最高到達地点を作った向源から、お寺社会が学ぶこと
先日、『世界最大の仏教フェス・向源』に出かけて来ました。浄土宗の大本山・増上寺で行われ、仏教や日本文化にふれるワークショップを50以上も用意。本当に世界最大かどうかは私には分かりませんが、少なくともお寺に行きまくっている私でも最大を実感するエキサイティングなイベントでした。
そしてこのイベントの何よりの特徴は、全てお坊さんやその関係者だけで企画・運営されていることです。当日は事前に募られたボランティアスタッフだけで200人超、来場者は2000人に登りました。しかしここにはマーケティングやイベント企画会社などは一切入っていません。このことは何よりも特筆すべきことだと私は考えています。
2014.4.29 増上寺で行われた向源の写真です。かなり暗い部屋なので画質は全天球カメラの限界が来ていますが、盛り上がりっぷりは伝わるのではないでしょうか。【photo 宿坊研究会】 – Spherical Image – RICOH THETA
↑上の360度写真はRICOH THETA(リコー シータ)で撮影しました。マウスで動かせますよ。
話は変わりますが、私は個人や社会が成長する時の大切にしている指標の一つに、最高到達地点があります。これは最も大きな数字やすごかった経験、または今まで全くなかったものが作られた時のことを指しますが、以前ここまでやることができたと自分で思える(そして他の方に伝えられる)到達地点は、将来に向けて大きな飛躍の要素になります。
例えば私で言えば、200人のお坊さんの前でお寺活性について講演したことは一つの到達地点です。また、明石家さんまさんとテレビで縁結びの話をしたのもそうでしょう。フランスのテレビ局から取材を受けたのも、そのひとつかもしれません。

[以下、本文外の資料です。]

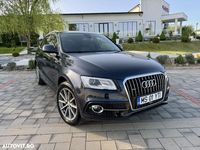 second-hand Audi Q5 3.0 TDI (clean diesel) quattro S tronic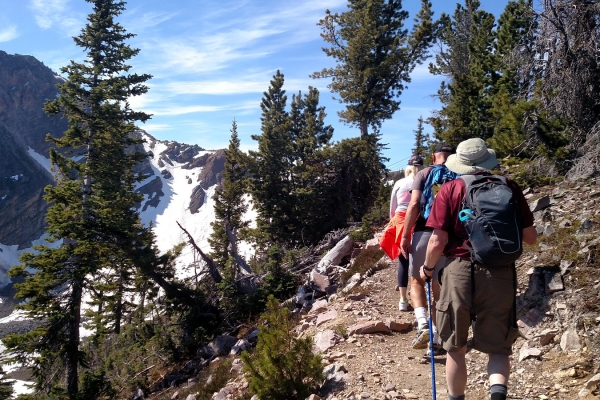 Walk the Canadian Rockies: Banff & Yoho National Park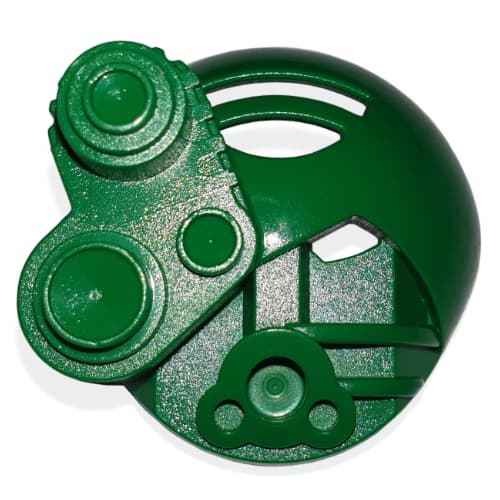 Large Figure Mask Akaku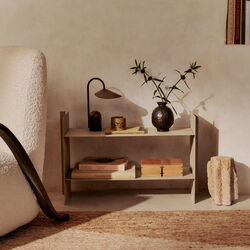 Vuelo Kop, dark buff, Ferm Living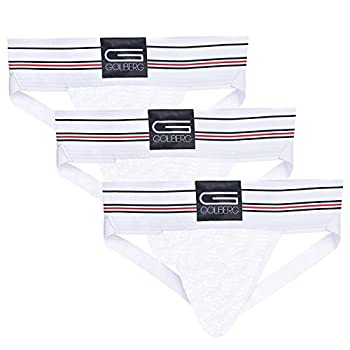 【中古】【輸入品・未使用】GOLBERG UNDERWEAR メンズ US サイズ: L カラー: ホワイト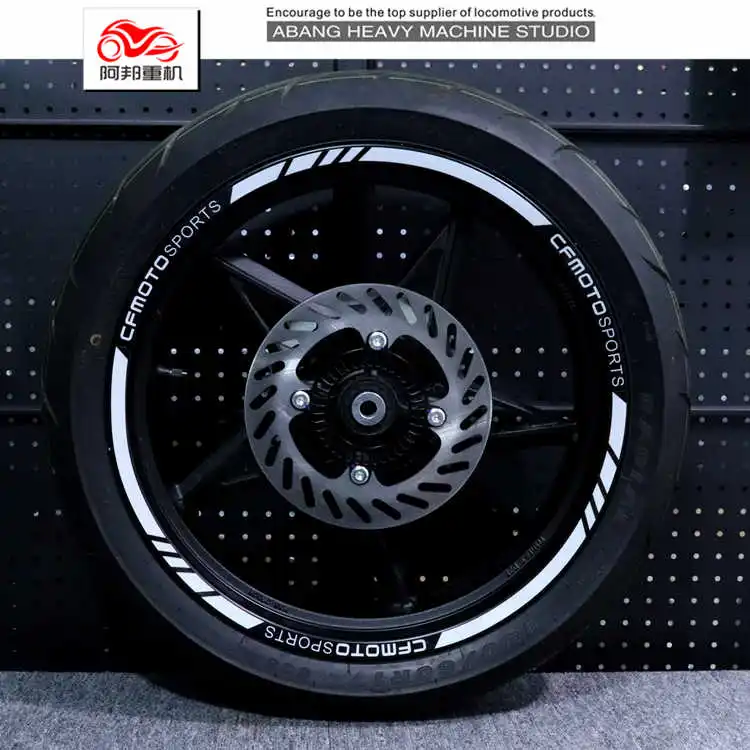 

Для мотоцикла Cfmoto 150 250nk наклейка на ступицу колеса 400 650nkmt Государственный ГОСТ колесный обод стальной обод колесная рамка наклейка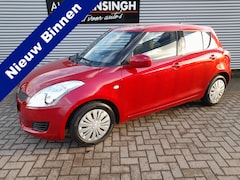 Suzuki Swift - 1.2 Comfort Automaat met 60.507 km | Airco | Unieke km stand met NAP | 5 Deurs | RIJKLAARP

翻って向源ですが、これは個人だけでなく、お坊さん世界全体にインパクトを与える最高到達地点になったと感じています。どこかの会社に丸投げするのではなく、仏教や日本の良いものを伝えたいという想いを束ねて、お坊さん達が汗をかきながら作り上げました。
向源の会場となった増上寺境内を歩きながら、私は知り合いのお坊さんにもいろいろお会いしました。その中にはこのイベントは勉強になるからと、仲間のお坊さんを引き連れて見学されていた方がいました。また当日知り合ったとある女性は、話を聞くとお寺の娘さんでした。開催直前に向源のことを知ったため、増上寺に着くのが夜になるにも関わらず、一目だけでも会場を見ておきたいと世界遺産・白川郷から駆けつけてきたそうです。
オリンピック陸上100メートル走では長い間誰も10秒を切ることができず、カール・ルイスが初めて9秒台を出した(手動計測では過去にジム・ハインズが10秒を破っていますが)ところ、多くの選手が10秒を切るようになったという有名な『10秒の壁』があります。
この周りが壁を超えるための勇気を与える存在になったと、今回の向源を歩いて感じたのです。
向源の代表であり最初に企画した友光雅臣さんはまだ30歳と、お坊さん世界ではまだ一番下の世代です。しかも向源自体ももともと友光さんが所属する常行寺という町中の小さなお寺(といったら、失礼でしょうか)で行われた声明イベントから始まっています。
初年度(2011年)は訪れた人間が70名ほどの、ごくごく小規模なものでした。それが2年目で150名、3年目で300名の来場。4年目となった今年は一気に2000人が訪れる大規模イベントへと成長していきました。
代表の友光さんは東京オリンピックに向け、今回の到達地点をさらに登山口に変えて、日本を世界に伝える仏教フェスへと発展させていきたいとおっしゃっています。以前にその計画書を拝見させて頂きましたが、今後は各宗派の本山レベルのお寺で複数会場同時開催も目指しているそうです。これは他のお坊さんにも計り知れない影響をもたらしていくのではないでしょうか。
イベント制作会社に任せなくてもここまでできる。私は友光さんには向源をさらに発展させることはもちろん、この経験を多くのお坊さんと共有してほしい(できれば本を書いてほしい。今なら電子書籍などでもすぐにできますし)と考えています。それはお寺世界全体の財産になります。
私も向源には毎年足を運んでいますが、一年一年ステップアップしていくこのイベントに次はどうなるか? 次はどうなるか? と、ワクワクしています。
先頭を歩く友光さんも、それを助けるお坊さんや仲間たちも、来年はさらに強烈なプレッシャーとの戦いです。ですがお寺社会全体がこのイベントには注目し、支えていってよいのではと考えています。もちろん宿坊研究会でも応援しています。